Although pictures appear in the data, the answer should contain only the lines from its start through the line with "Here are given", written out exactly.

Material supplied: Begin

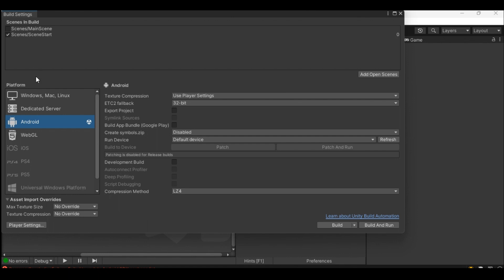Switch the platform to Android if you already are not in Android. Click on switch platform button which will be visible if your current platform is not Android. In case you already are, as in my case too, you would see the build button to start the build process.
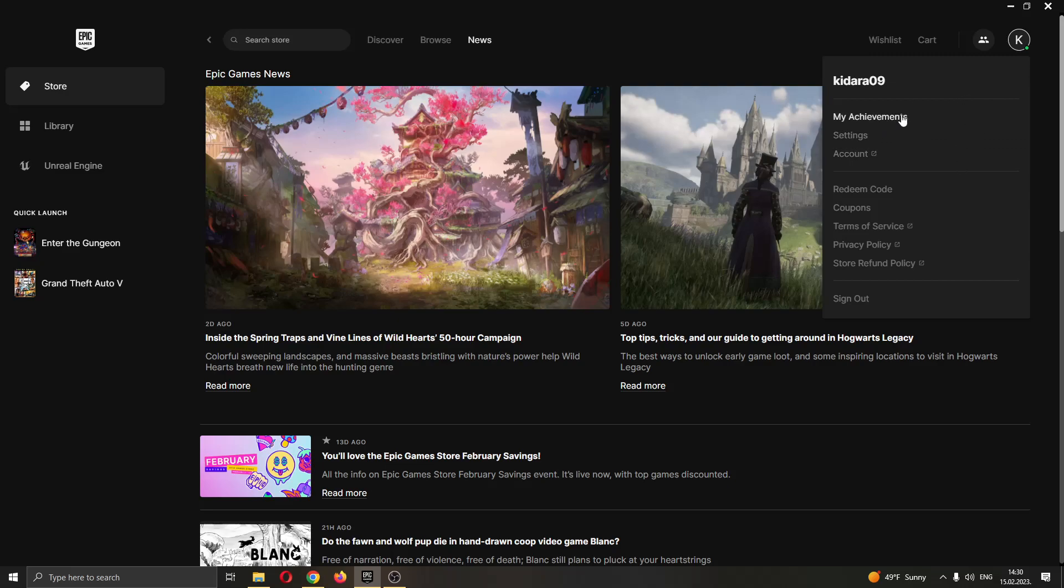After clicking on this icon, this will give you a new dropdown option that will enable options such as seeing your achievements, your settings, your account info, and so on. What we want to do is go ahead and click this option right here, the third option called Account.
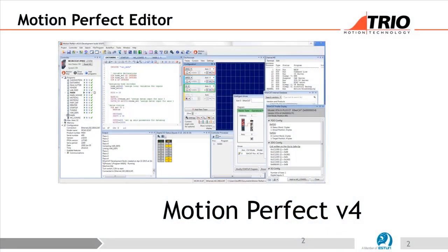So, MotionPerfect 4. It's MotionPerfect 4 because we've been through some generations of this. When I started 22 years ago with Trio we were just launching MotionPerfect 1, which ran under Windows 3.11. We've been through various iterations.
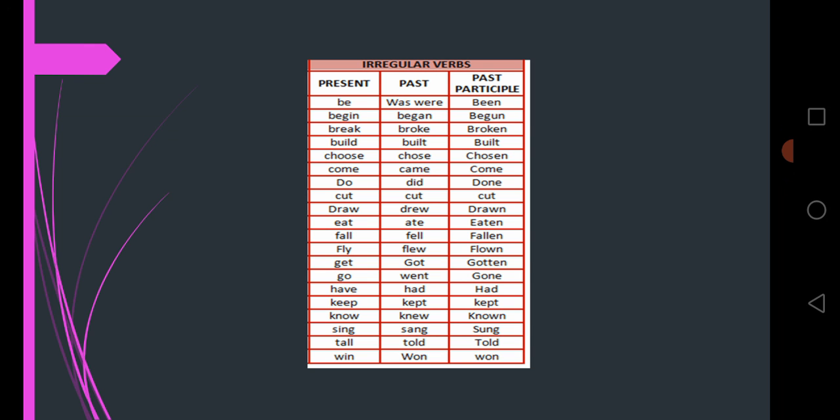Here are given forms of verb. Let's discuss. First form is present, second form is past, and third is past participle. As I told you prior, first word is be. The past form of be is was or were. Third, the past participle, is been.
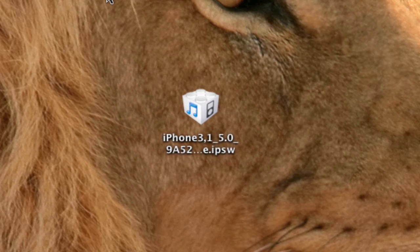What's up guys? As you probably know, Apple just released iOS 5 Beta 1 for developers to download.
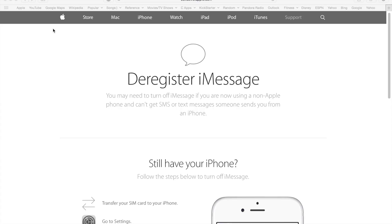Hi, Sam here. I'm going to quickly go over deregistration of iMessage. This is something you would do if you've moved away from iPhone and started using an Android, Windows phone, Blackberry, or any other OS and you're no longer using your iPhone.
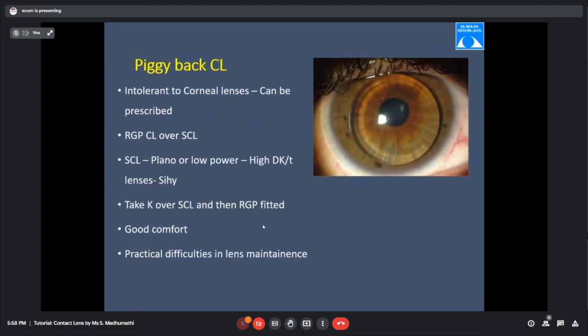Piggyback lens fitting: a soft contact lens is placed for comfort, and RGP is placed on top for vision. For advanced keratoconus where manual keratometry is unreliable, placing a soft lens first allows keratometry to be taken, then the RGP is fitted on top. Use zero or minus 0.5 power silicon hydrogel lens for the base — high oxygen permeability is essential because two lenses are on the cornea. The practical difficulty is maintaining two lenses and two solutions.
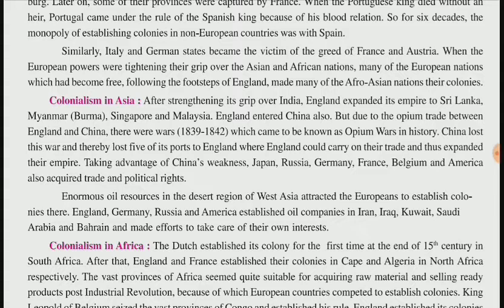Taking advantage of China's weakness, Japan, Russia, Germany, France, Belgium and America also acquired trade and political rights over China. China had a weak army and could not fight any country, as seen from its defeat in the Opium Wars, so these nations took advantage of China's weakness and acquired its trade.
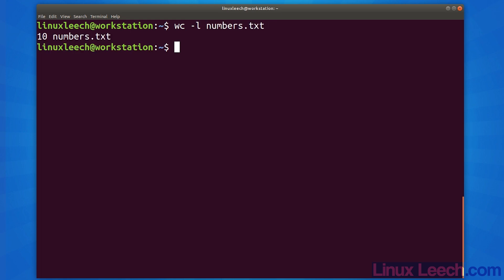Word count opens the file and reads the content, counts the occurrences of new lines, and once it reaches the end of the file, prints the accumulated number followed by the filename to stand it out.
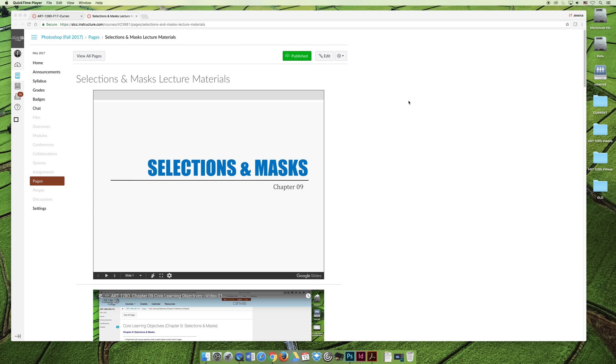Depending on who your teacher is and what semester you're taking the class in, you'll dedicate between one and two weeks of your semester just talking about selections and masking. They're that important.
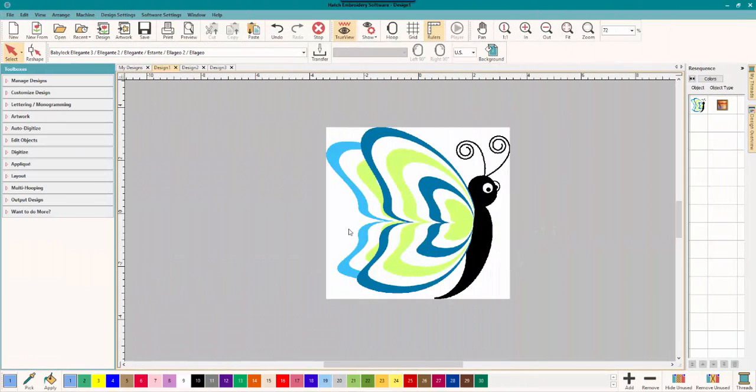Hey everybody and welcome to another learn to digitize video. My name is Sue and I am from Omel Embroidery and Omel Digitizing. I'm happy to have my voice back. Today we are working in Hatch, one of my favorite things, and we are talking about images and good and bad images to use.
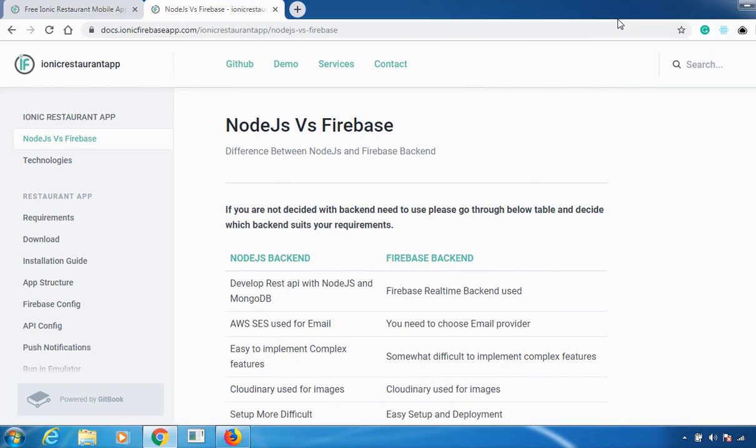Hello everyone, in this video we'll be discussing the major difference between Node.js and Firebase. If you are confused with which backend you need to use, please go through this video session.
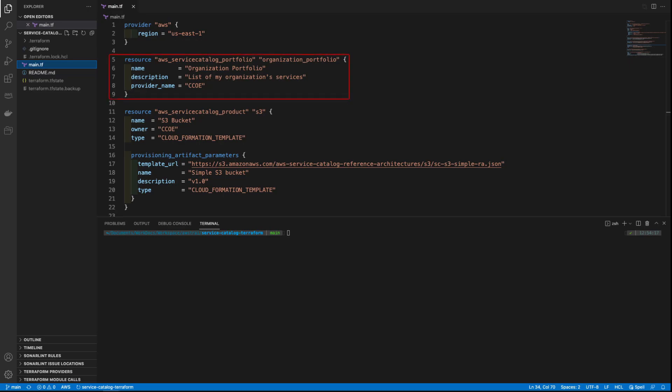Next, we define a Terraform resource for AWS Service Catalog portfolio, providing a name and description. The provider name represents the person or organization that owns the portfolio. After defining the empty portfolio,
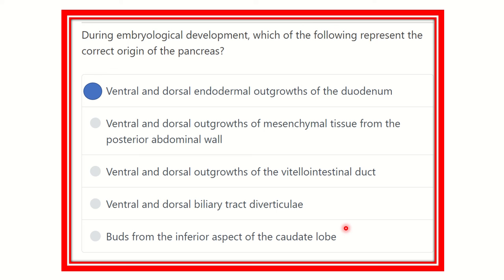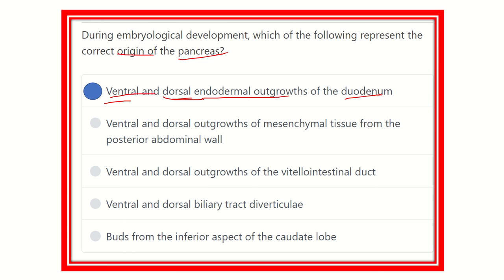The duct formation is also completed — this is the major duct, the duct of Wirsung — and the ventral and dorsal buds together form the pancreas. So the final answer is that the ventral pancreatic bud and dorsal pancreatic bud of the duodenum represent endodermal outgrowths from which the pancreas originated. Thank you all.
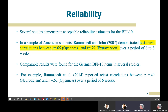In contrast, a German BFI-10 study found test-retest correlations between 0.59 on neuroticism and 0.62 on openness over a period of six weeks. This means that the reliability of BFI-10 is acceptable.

Material supplied: End

_Your response_.
Switch the platform to Android if you already are not in Android. Click on switch platform button which will be visible if your current platform is not Android. In case you already are, as in my case too, you would see the build button to start the build process.
After clicking on this icon, this will give you a new dropdown option that will enable options such as seeing your achievements, your settings, your account info, and so on. What we want to do is go ahead and click this option right here, the third option called Account.
So, MotionPerfect 4. It's MotionPerfect 4 because we've been through some generations of this. When I started 22 years ago with Trio we were just launching MotionPerfect 1, which ran under Windows 3.11. We've been through various iterations.
Here are given forms of verb. Let's discuss. First form is present, second form is past, and third is past participle. As I told you prior, first word is be. The past form of be is was or were. Third, the past participle, is been.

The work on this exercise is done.